**Directions:** In the entries below, locate the line with "Next I'll be", then give again that line and all lines after it, exactly, with pictures omitted.

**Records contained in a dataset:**
····················

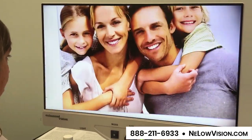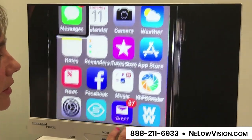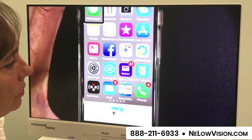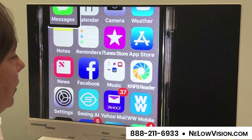We can even pop a cell phone underneath here. Say the kids come over and want to show you some pictures, or you just want to easily see the icons on your iPhone — you can do that or your iPad. A lot of us now are using those in our homes, especially with low vision.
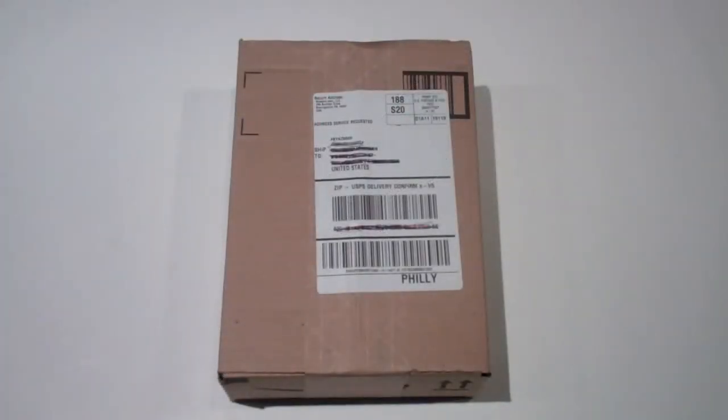Hello YouTube. This is the unboxing of the Kershaw Clash. I got this on Amazon for roughly $22 with free shipping, and it shipped in about 4 days.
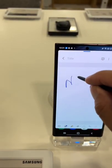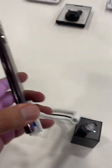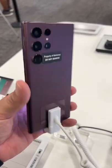It's a Galaxy Note — that's what it looks and feels like to me. It's got the tapered edges and all that good stuff. Yeah, this is a Galaxy Note for sure.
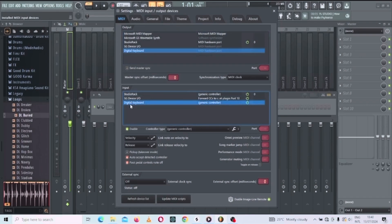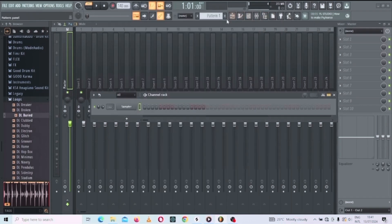Click on the digital keyboard here. I can see it's not working yet — make sure this knob is enabled. If you disable it, you'll find that it's not working because you've isolated this MIDI controller. You have to enable it so that this thing will be on. That's the thing you need to do.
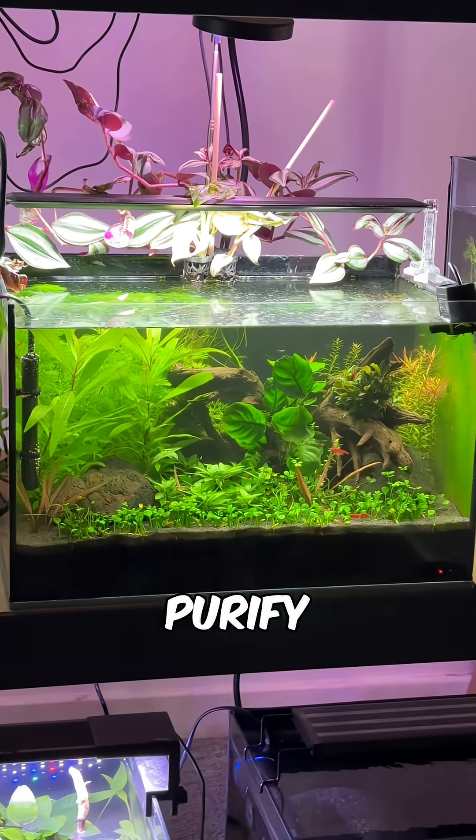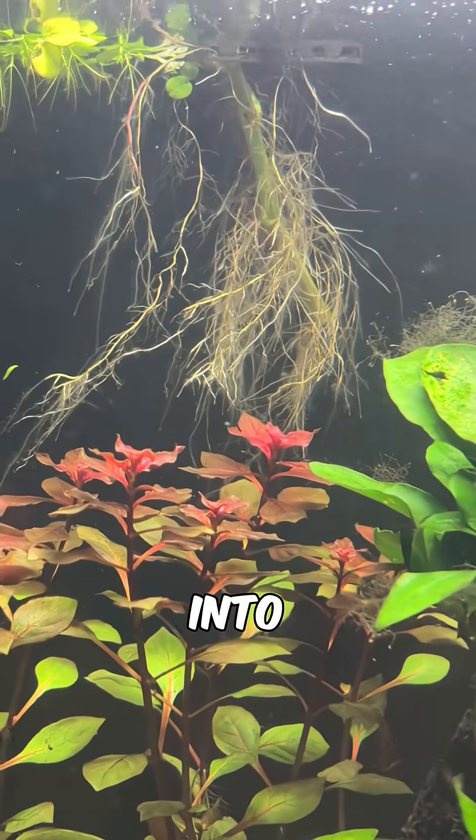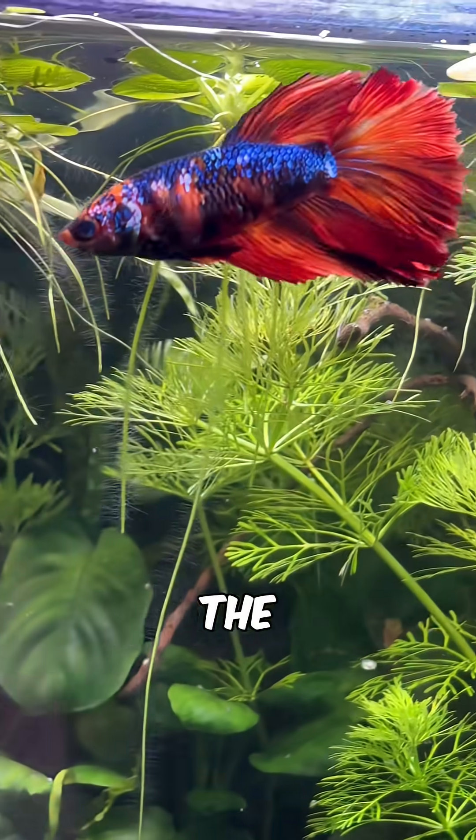Here's how houseplants naturally purify aquarium water to keep your fish safe. By dipping their roots into the water, they absorb both ammonium and nitrate directly from the water column.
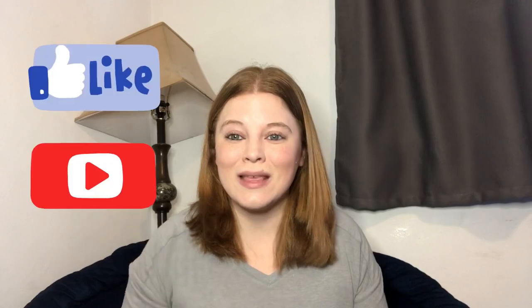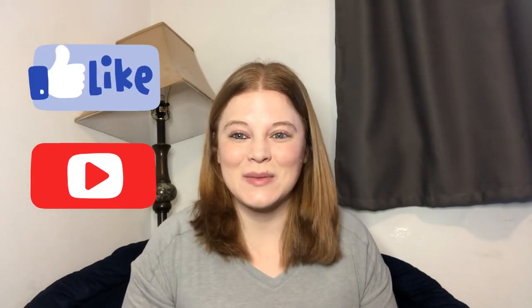Hi guys, welcome back to Fina's Fixins! This week I want to show you just a simple beef and broccoli recipe that is so delicious. I really hope you guys enjoy. Remember, go down below, hit that like and subscribe button, and until next week, I'll see you then.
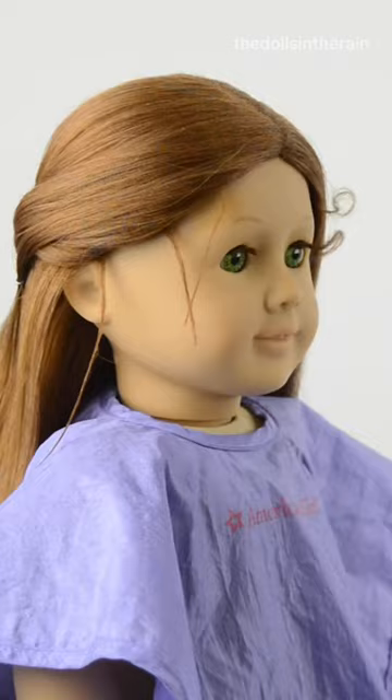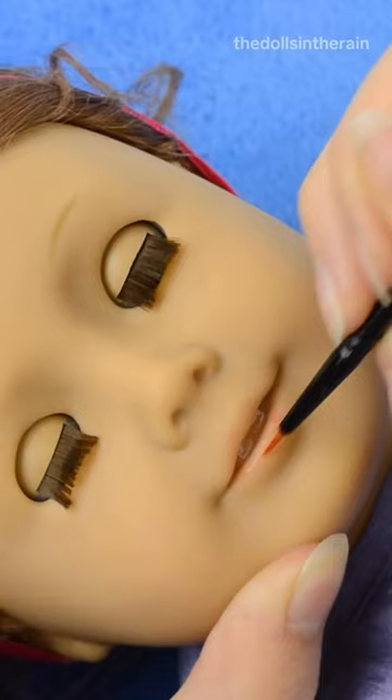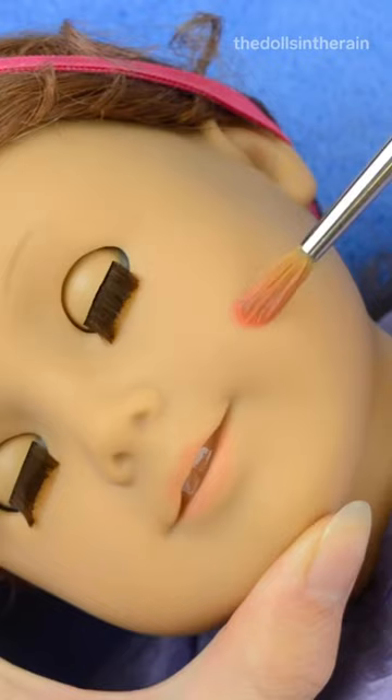Next I'll be straightening Felicity's hair to remove the frizz. Felicity has pin curls at the front of her head, so I need to re-curl those.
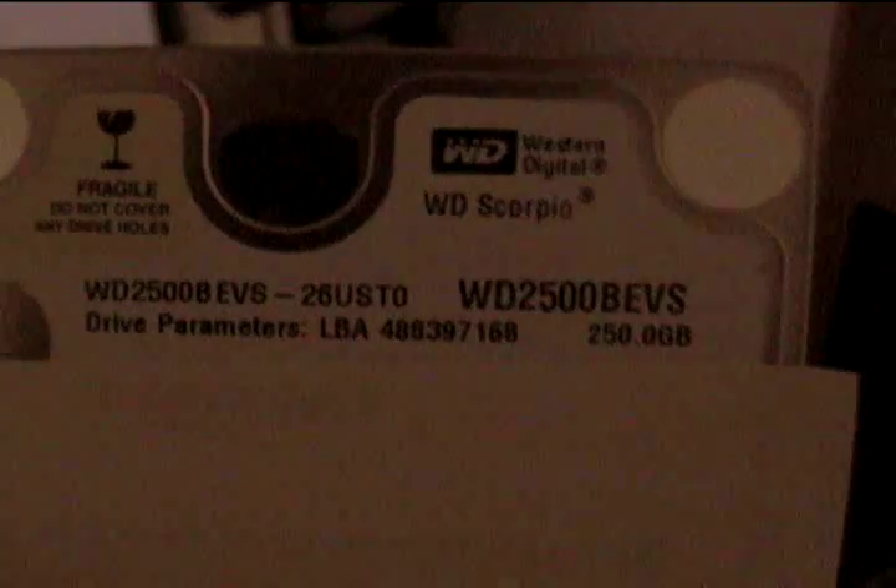I have a Western Digital 2500 BEVS. Hopefully the bin file works for this particular drive — I'm not 100% sure yet.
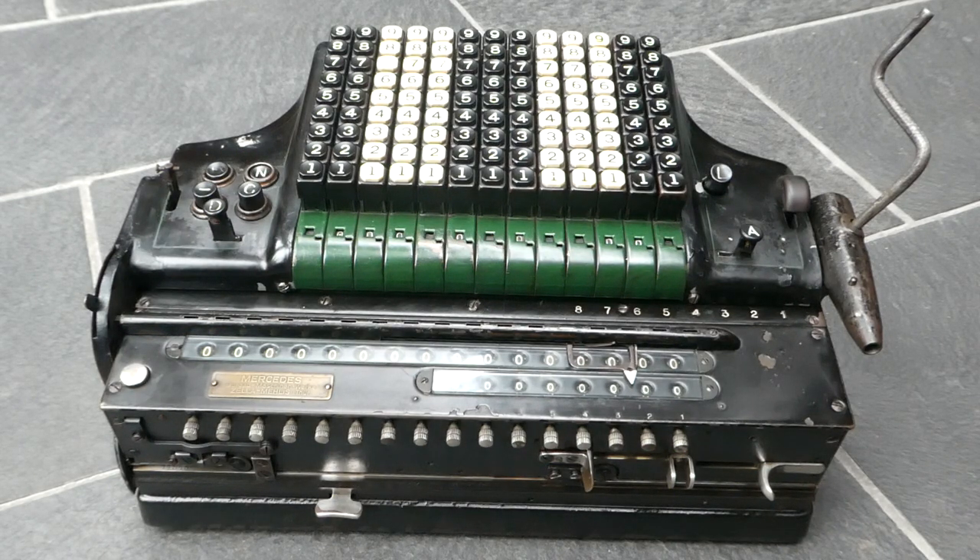This large and very heavy machine is the Mercedes Euclid Model 16. It was in production from 1927 until about 1934, but this is one of the earlier ones, around 1929 or so.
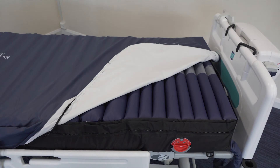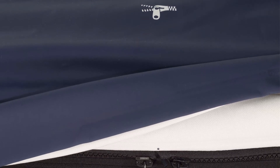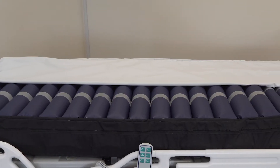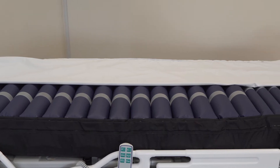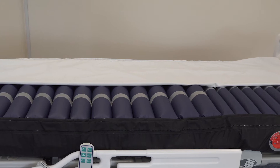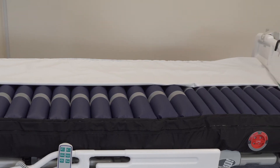The cover is multi-stretch, water resistant, vapour permeable, and has a high frequency welded seam. There is also a fully concealed 360-degree zip which reduces the possibility of fluid ingress and aids infection control. The mattress has a white inner substrate on the underside of the cover, which helps auditing procedures by making staining easy to identify if the cover has been compromised.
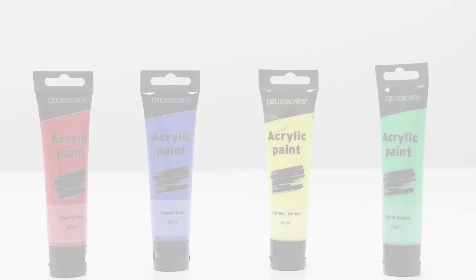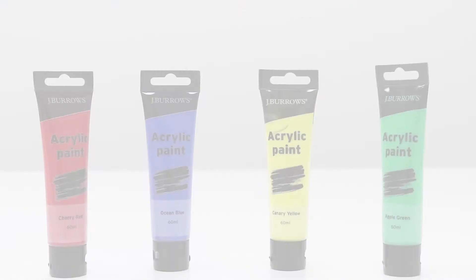Perfect for a variety of environments, this Jay Burrows acrylic paint is great for your next piece of art. You can pick it up from your local Officeworks or purchase it online today.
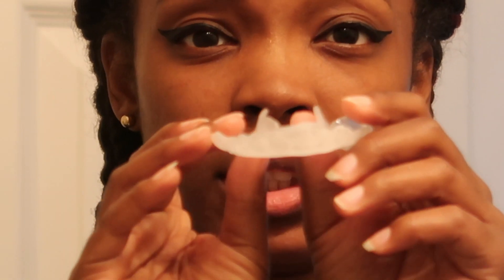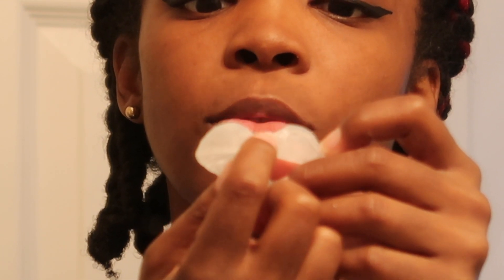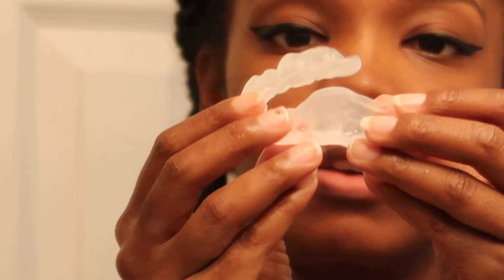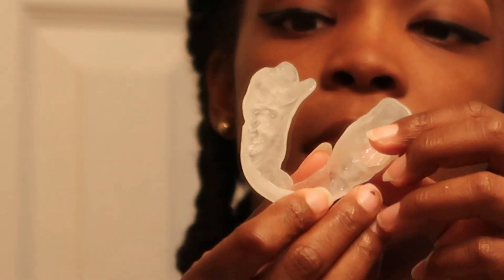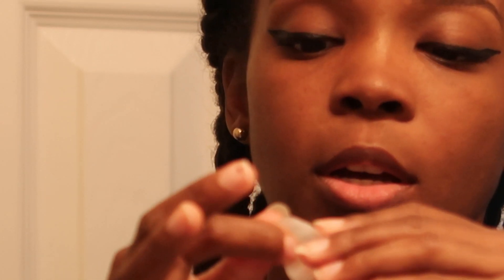Now once you take it out, you want to check to see if there are any see-through bits because that means it's too thin. There is a little piece right here on this tooth that's see-through, but it should be okay because it's in the middle of the tooth and not at the top. So I'm just going to rock with it. And then if you notice, there's this excess bit right here — I'm just going to cut that off. I also want you to notice that this goes up and around the tooth. I might shave this down some so it's not so thick, but you want it to go up and around the tooth so that your tooth does not move.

····················

**Exercise output:**
Next I'll be straightening Felicity's hair to remove the frizz. Felicity has pin curls at the front of her head, so I need to re-curl those.
I have a Western Digital 2500 BEVS. Hopefully the bin file works for this particular drive — I'm not 100% sure yet.
This large and very heavy machine is the Mercedes Euclid Model 16. It was in production from 1927 until about 1934, but this is one of the earlier ones, around 1929 or so.
The cover is multi-stretch, water resistant, vapour permeable, and has a high frequency welded seam. There is also a fully concealed 360-degree zip which reduces the possibility of fluid ingress and aids infection control. The mattress has a white inner substrate on the underside of the cover, which helps auditing procedures by making staining easy to identify if the cover has been compromised.
Perfect for a variety of environments, this Jay Burrows acrylic paint is great for your next piece of art. You can pick it up from your local Officeworks or purchase it online today.
Now once you take it out, you want to check to see if there are any see-through bits because that means it's too thin. There is a little piece right here on this tooth that's see-through, but it should be okay because it's in the middle of the tooth and not at the top. So I'm just going to rock with it. And then if you notice, there's this excess bit right here — I'm just going to cut that off. I also want you to notice that this goes up and around the tooth. I might shave this down some so it's not so thick, but you want it to go up and around the tooth so that your tooth does not move.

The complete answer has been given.